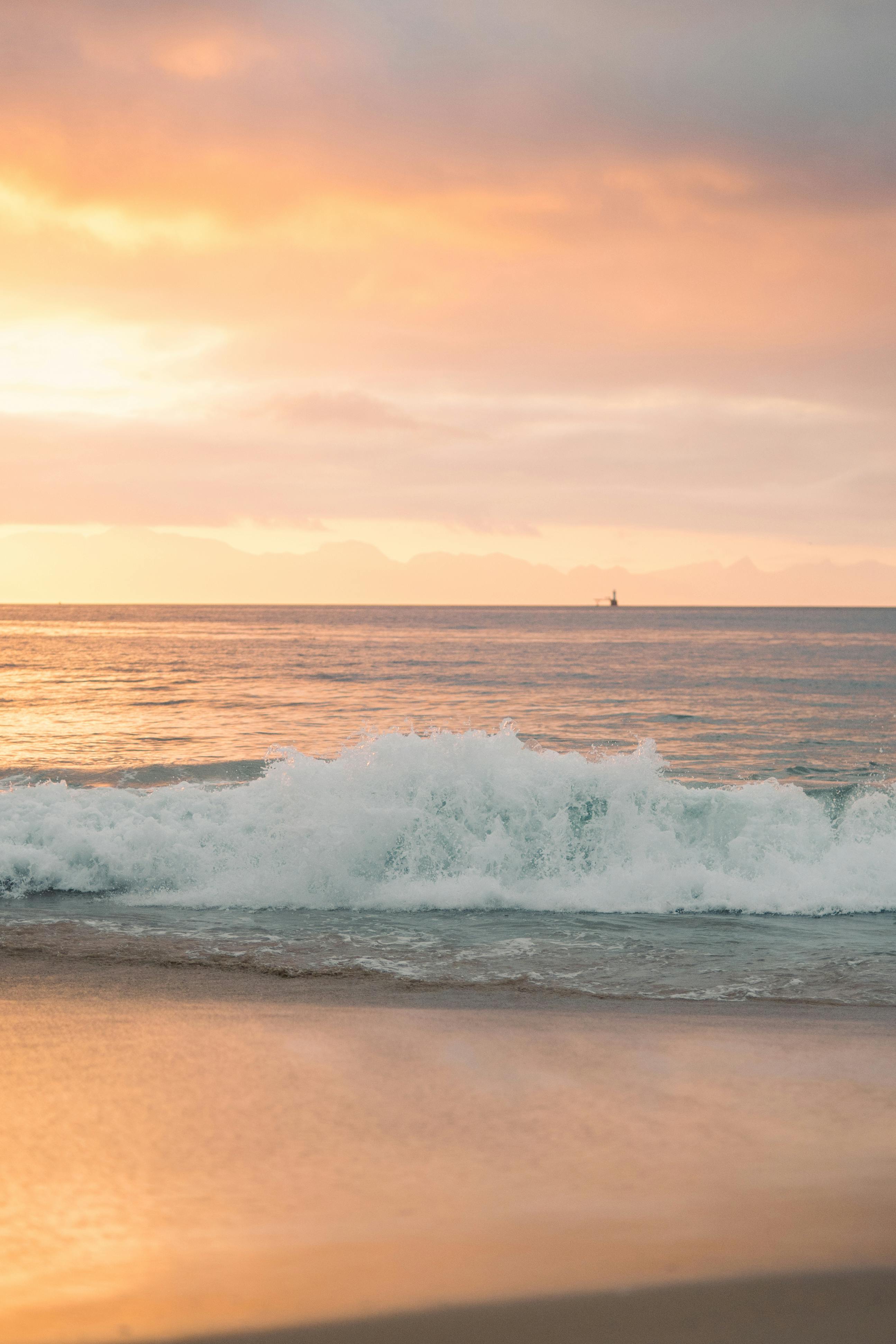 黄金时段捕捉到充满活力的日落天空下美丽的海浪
==
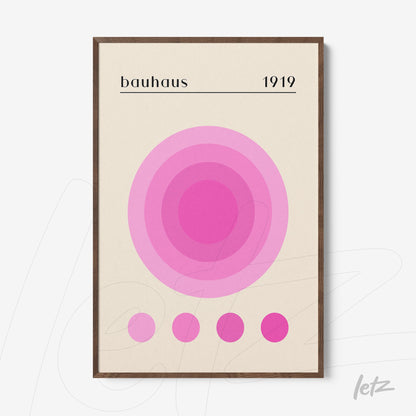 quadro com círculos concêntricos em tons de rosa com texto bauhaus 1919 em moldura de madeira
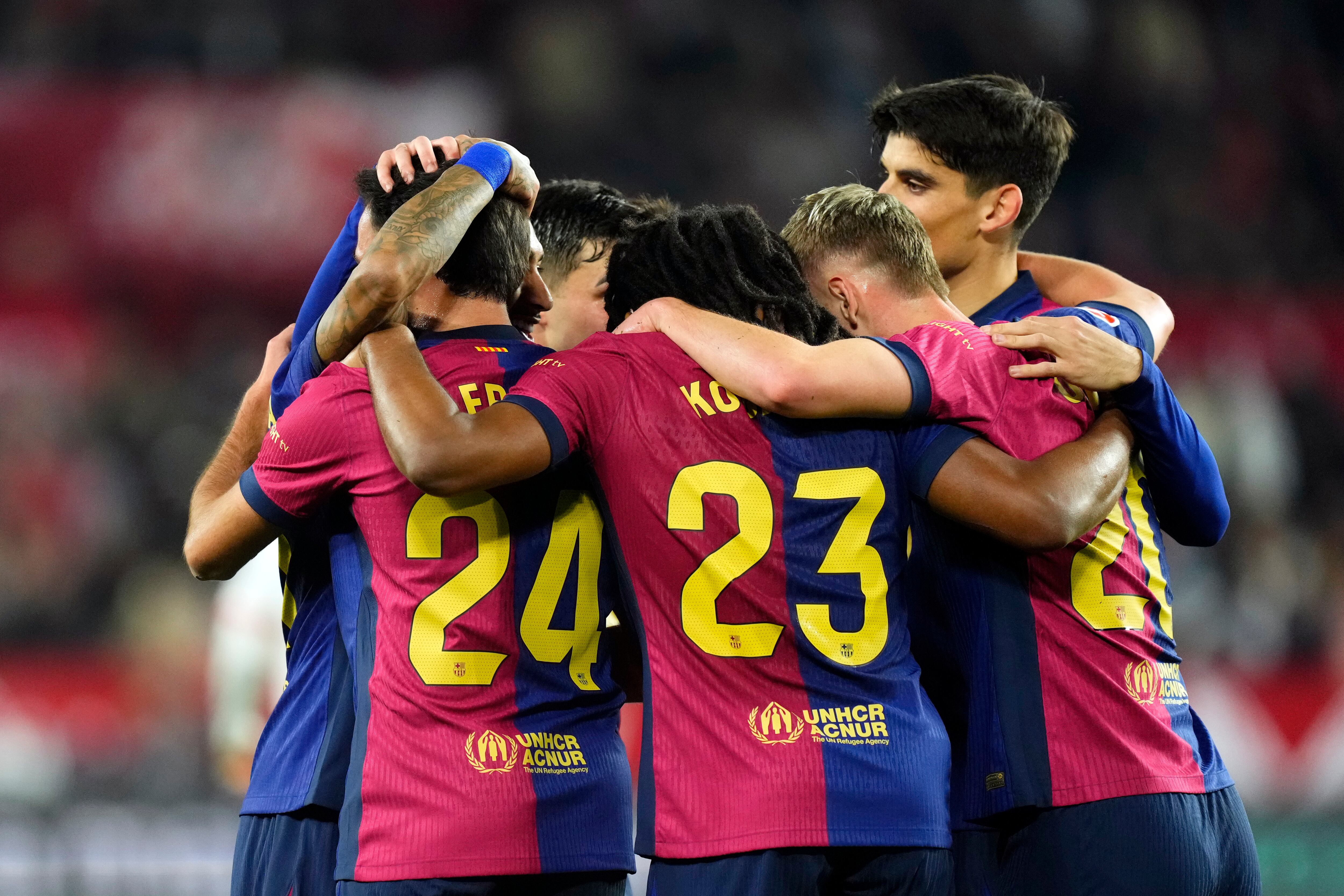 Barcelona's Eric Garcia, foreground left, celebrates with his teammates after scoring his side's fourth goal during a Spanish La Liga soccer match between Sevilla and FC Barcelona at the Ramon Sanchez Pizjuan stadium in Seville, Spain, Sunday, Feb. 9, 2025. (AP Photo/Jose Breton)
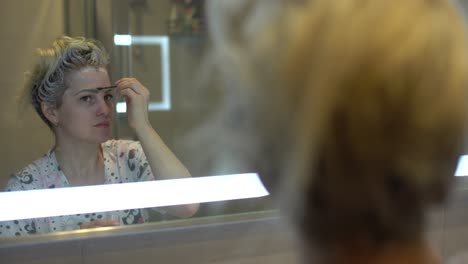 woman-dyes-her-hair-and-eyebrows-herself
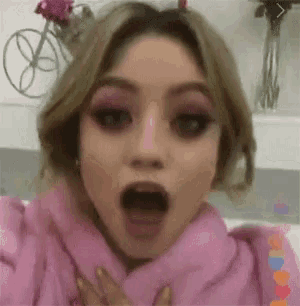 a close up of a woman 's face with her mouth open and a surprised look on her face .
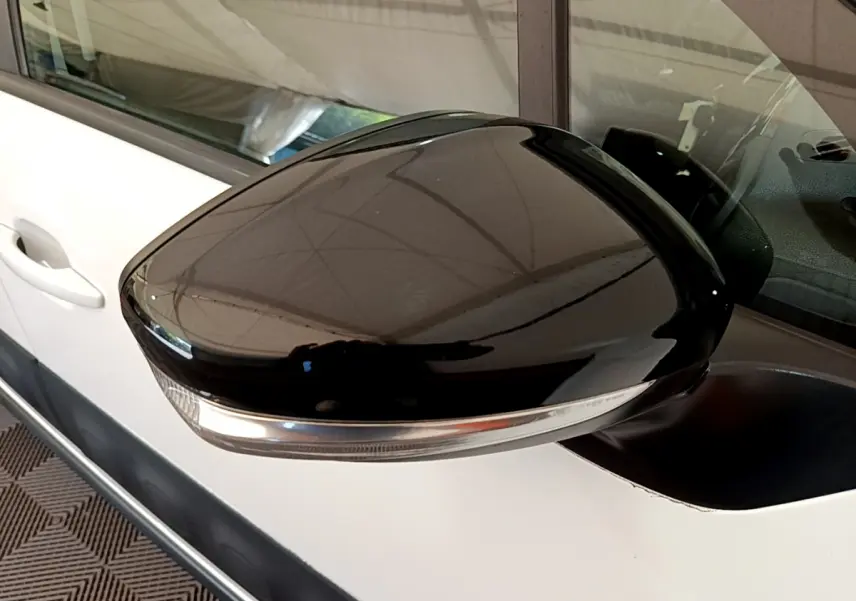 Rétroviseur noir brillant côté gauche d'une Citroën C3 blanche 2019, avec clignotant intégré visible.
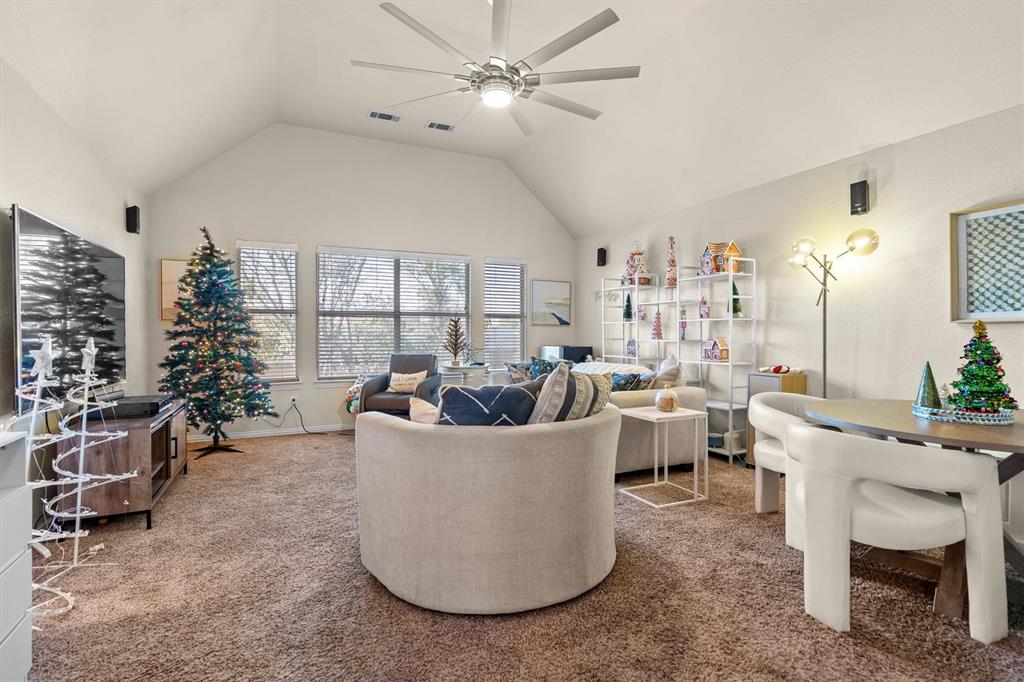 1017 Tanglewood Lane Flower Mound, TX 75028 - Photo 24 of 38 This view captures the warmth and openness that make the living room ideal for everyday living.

- What this task involves
Give back the exact lines above, running from the one that has "Rétroviseur noir brillant" through the one that has "1017 Tanglewood Lane", with nothing added and no pictures.

- Response
 Rétroviseur noir brillant côté gauche d'une Citroën C3 blanche 2019, avec clignotant intégré visible.
 1017 Tanglewood Lane Flower Mound, TX 75028 - Photo 24 of 38 This view captures the warmth and openness that make the living room ideal for everyday living.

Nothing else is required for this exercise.